Only the lines from the one containing "ABEL combo of" through the final line of the material below should be output, exactly as they stand.

• [LISTED RECORDS]:
•••

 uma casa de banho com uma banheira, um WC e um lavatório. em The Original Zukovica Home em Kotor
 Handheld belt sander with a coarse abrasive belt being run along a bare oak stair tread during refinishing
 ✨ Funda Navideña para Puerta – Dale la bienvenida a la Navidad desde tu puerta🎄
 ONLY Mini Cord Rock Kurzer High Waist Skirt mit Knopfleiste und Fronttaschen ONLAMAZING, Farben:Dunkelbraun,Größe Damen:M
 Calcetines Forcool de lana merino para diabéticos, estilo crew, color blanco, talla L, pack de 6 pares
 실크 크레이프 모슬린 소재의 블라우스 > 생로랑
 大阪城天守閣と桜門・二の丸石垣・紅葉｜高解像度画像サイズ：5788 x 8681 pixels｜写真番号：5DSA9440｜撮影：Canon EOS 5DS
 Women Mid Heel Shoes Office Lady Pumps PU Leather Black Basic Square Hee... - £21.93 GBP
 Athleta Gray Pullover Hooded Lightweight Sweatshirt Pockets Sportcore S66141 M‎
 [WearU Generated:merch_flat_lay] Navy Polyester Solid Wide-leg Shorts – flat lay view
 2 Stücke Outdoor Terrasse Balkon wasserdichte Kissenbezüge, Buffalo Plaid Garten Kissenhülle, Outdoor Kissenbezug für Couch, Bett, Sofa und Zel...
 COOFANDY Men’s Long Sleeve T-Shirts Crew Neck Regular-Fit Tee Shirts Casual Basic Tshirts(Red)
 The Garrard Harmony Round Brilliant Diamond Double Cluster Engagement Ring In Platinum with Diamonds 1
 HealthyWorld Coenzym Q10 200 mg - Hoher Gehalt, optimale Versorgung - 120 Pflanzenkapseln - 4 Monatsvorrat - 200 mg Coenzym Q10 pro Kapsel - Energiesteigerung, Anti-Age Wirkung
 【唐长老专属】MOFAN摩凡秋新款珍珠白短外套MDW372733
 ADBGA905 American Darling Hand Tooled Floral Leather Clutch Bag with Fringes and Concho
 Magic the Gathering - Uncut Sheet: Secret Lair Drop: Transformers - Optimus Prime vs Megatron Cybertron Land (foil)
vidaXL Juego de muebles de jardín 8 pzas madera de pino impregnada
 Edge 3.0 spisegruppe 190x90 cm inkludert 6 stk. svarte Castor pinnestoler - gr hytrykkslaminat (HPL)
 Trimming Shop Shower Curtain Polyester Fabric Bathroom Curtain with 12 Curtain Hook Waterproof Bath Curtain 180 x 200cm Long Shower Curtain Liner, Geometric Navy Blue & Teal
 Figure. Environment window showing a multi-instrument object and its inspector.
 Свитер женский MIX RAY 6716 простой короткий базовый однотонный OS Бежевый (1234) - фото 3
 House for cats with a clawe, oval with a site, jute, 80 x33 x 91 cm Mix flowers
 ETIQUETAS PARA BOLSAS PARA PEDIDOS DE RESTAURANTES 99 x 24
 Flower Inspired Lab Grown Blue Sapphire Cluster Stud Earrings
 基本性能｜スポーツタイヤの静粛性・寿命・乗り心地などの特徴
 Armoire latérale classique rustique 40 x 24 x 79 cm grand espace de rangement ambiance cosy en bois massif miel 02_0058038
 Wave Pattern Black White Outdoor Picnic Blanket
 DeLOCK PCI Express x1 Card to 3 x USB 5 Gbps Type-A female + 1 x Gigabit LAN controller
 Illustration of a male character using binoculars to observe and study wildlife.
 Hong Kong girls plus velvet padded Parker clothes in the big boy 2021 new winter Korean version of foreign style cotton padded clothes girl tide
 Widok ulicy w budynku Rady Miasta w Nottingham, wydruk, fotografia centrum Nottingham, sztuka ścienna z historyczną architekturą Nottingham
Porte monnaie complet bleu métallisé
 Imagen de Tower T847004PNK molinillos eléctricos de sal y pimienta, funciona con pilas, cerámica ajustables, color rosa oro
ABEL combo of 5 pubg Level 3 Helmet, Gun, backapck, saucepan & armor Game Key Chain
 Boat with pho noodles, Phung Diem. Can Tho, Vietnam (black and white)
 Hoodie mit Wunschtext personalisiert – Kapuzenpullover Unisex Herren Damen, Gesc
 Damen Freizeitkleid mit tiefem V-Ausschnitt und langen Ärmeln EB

•••

• [ANSWER FOR THE TASK]:
ABEL combo of 5 pubg Level 3 Helmet, Gun, backapck, saucepan & armor Game Key Chain
 Boat with pho noodles, Phung Diem. Can Tho, Vietnam (black and white)
 Hoodie mit Wunschtext personalisiert – Kapuzenpullover Unisex Herren Damen, Gesc
 Damen Freizeitkleid mit tiefem V-Ausschnitt und langen Ärmeln EB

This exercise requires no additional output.